**Problem requirements:** Each line below should be restated exactly, with nothing dropped.

**Raw data:**
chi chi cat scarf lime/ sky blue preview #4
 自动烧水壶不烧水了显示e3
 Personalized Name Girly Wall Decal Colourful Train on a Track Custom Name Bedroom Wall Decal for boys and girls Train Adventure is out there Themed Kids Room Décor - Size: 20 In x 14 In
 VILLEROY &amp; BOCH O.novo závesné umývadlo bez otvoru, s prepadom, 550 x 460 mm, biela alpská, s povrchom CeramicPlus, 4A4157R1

**Result of this task:**
chi chi cat scarf lime/ sky blue preview #4
 自动烧水壶不烧水了显示e3
 Personalized Name Girly Wall Decal Colourful Train on a Track Custom Name Bedroom Wall Decal for boys and girls Train Adventure is out there Themed Kids Room Décor - Size: 20 In x 14 In
 VILLEROY &amp; BOCH O.novo závesné umývadlo bez otvoru, s prepadom, 550 x 460 mm, biela alpská, s povrchom CeramicPlus, 4A4157R1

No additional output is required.